The Woman and the Rose
- Author: Mohammed Zafzaf
- Language: Arabic
- Genre: Novel
- Publication date: 1972
- Publication place: Morocco
- Pages: 156

= The Woman and the Rose =

1972 novel by Mohamed Zafzaf

The Woman and the Rose (Arabic: المرأة و الوردة) is a 1972 novel by Mohamed Zafzaf, which critics have described as a turning point in the development of the modern Moroccan Arabic novel.

== Plot ==
The novel centers around Muhammad, an educated Moroccan in his thirties living in Torremolinos, Spain. Impoverished, adrift, and alienated, Muhammad lives off of the European women he sleeps with. Two friends, also Moroccan emigrants, involve him in a scheme to smuggle cannabis from Tangier. After Muhammad's mistakes undermine the plan, his friends abandon him in Morocco, where the novel concludes.

== Themes ==

The style of The Woman and the Rose is disorganized and labyrinthine, departing from the previous conventions of Moroccan literature in its use of multiple narrators and reliance on symbolic and aesthetic imagery. By departing from the style of "nationalist realism" established by Abdelkrim Ghallab and pervasive in Moroccan literature, Zafzaf established a new form for the Moroccan novel. Zafzaf's stylistic innovations respond to the literary critiques of figures such as Abdallah Laroui, Abdelkebir Khatibi, and Mohammed Berrada, while also allowing him to level subtle criticisms at the social structures of postcolonial Morocco.

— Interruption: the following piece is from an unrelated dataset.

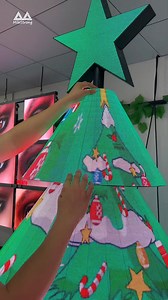 A Christmas tree that lights up more than just the holiday spirit!✨...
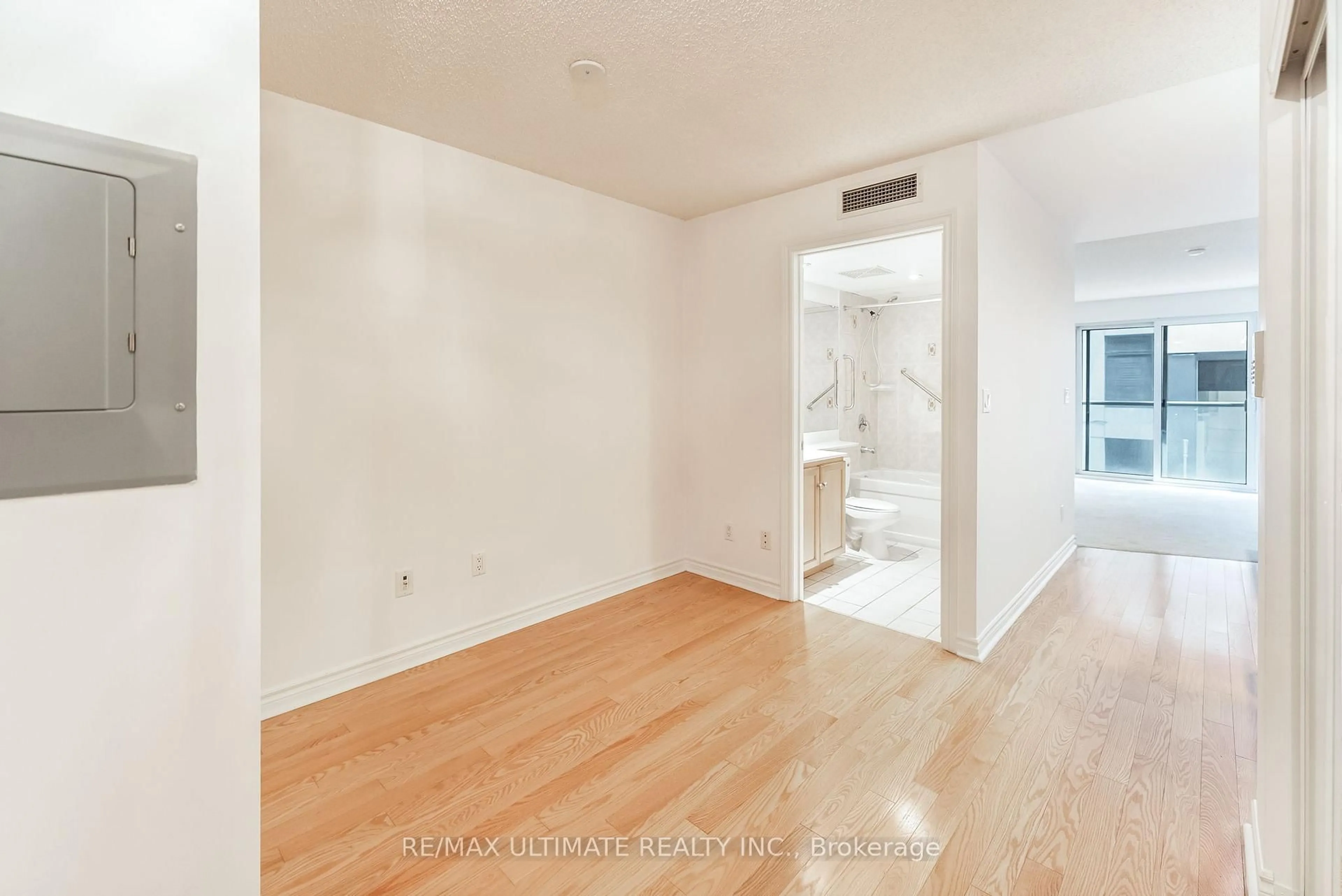 A pic of a room for 270 Wellington St #222, Toronto Ontario M5V 3P5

Zafzaf's earthy, realistic depictions of human bodies, physical pleasures, sex, and drugs have drawn criticism from some Moroccan critics, who have described the book as "bestial" and "obscene". Other critics have praised his "frenzied affirmation of the body", a theme which sparked a new trend in Moroccan literature. Other controversial themes in The Woman and the Rose include the concepts of gender, self, identity, and otherness.